Next Dennis took me to a housing project where we visited Charlie Edwards, a 91-year-old man who had been an active singer for much of his life. We played the same helushka songs for him, and I used a Nagra tape recorder to record his responses.
The next day after lunch we stopped by the Tribal Building in hopes of finding John Turner there. Sure enough, there he was waiting in the lobby. I asked if he would be interested in a recording session where he would comment on the cylinder recordings. He seemed quite willing, so we started looking for a room to appropriate for recording purposes. Most of the rooms had ambient noise from the air circulation system, and before we knew it our search became a major project involving several administrators. Finally we selected an office which seemed to have less ambient noise, at which point the Vice Chairman authorized shutting off the air system altogether for a while. I set up the Nagra and Mr. Turner was ushered in, accompanied by Dennis and various other people from the administrative offices. Our recording session had become a public event.
We recorded for over two hours. Mr. Turner listened to nearly all the cylinder recordings on two cassettes which Maria La Vigna (formerly of the Federal Cylinder Project) had selected as a representative sampling from the entire collection. The tapes I recorded with Mr. Turner include the original recordings together with his translations, interpretations, spontaneous songs, stories, and other commentaries. A singer, player of the traditional Omaha flute, and traditionalist in cultural matters, he clearly enjoyed the session, joking and singing spontaneously as the case presented itself. His interpretations (as well as his cautionary words regarding certain sacred or secret ceremonial songs) represent invaluable supplementary documentation for the cylinders. I was thrilled at his interest and secretly began to scheme about recording him again.
The next morning we encountered Mr. Turner again at the Administration Building and expressed a vague hope that we could record him again. We got into a lively conversation where he told an etiological story about the Omaha flute, using as its hero the ubiquitous Orphan about whom many Omaha stories are told, and shared some of his repertory of jokes. But events prevented our launching another recording session. John Carter of the Historical Society, representing my ride back to Omaha, arrived on the scene, and the next thing I knew I was saying a round of goodbyes.

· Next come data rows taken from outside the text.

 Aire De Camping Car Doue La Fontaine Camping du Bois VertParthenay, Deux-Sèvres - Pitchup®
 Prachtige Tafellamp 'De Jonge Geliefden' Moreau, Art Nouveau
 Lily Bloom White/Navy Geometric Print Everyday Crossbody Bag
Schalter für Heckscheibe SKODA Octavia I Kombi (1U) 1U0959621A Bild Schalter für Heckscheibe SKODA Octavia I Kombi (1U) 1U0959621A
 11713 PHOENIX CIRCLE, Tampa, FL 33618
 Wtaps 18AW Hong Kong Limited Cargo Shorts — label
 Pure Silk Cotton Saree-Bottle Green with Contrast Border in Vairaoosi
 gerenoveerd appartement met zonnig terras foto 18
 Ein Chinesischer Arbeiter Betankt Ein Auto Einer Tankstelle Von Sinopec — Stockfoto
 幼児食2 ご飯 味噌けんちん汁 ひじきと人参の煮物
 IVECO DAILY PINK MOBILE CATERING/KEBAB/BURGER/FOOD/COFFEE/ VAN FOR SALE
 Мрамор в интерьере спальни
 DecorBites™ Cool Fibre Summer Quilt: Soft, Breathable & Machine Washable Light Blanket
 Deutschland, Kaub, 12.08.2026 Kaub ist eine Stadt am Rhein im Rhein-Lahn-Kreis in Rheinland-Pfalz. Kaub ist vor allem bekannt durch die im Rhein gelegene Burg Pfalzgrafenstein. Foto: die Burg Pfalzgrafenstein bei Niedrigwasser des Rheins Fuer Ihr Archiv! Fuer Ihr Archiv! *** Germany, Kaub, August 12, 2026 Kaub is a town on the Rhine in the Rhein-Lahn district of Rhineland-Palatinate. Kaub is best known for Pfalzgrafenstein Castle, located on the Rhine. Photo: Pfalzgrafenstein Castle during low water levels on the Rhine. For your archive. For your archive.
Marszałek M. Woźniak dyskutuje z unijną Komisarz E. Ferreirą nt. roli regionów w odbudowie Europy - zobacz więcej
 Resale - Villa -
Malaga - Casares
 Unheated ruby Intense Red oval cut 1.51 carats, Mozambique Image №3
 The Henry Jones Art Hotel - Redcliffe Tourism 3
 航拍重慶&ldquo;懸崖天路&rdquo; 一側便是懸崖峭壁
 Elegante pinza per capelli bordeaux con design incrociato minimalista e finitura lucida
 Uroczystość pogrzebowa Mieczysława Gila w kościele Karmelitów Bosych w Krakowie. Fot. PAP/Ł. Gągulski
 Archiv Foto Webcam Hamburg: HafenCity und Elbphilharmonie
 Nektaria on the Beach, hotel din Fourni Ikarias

Dance Honoring John Turner
August 14, 1983.
Two months later, I find myself still mulling over the experience. It certainly confirmed all my beliefs about the cultural power of documentation. The interest and enthusiasm of the Omaha people was electric, and the recording session with John Turner dramatized the fact that the cylinders are not simply documents of the past, but a legacy from the past. My personal presence may have helped--one cannot satisfy the responsibility for dissemination simply by mailing off some tapes. Yet we could not have created such interest if the cylinders were not inherently interesting. The recording session with John Turner in many ways symbolized the whole effort. It yielded precious information about the 1896 recordings, and, as a semi-public event, it dramatized the "living" quality of the traditions preserved on the cylinders. Mr. Turner provided the symbolic link between past and present as he listened, laughed, interpreted and sang. The turning tape-reels, recording the cylinders side by side with his commentary, attested to the symbolic importance of the event as a contemporary effort toward cultural conservation.
In early April John Turner passed away. Not all that he knew survived him; yet his legacy to the Omaha people is rich. Part of that legacy is imbedded in the recordings he made, and in the memories of all of us who attended that recording session. As I listen once again to the tapes we made, I hear his voice juxtaposed with voices from before his birth--but also juxtaposed with the younger voices of those of us who were there, and whose task is now to carry on.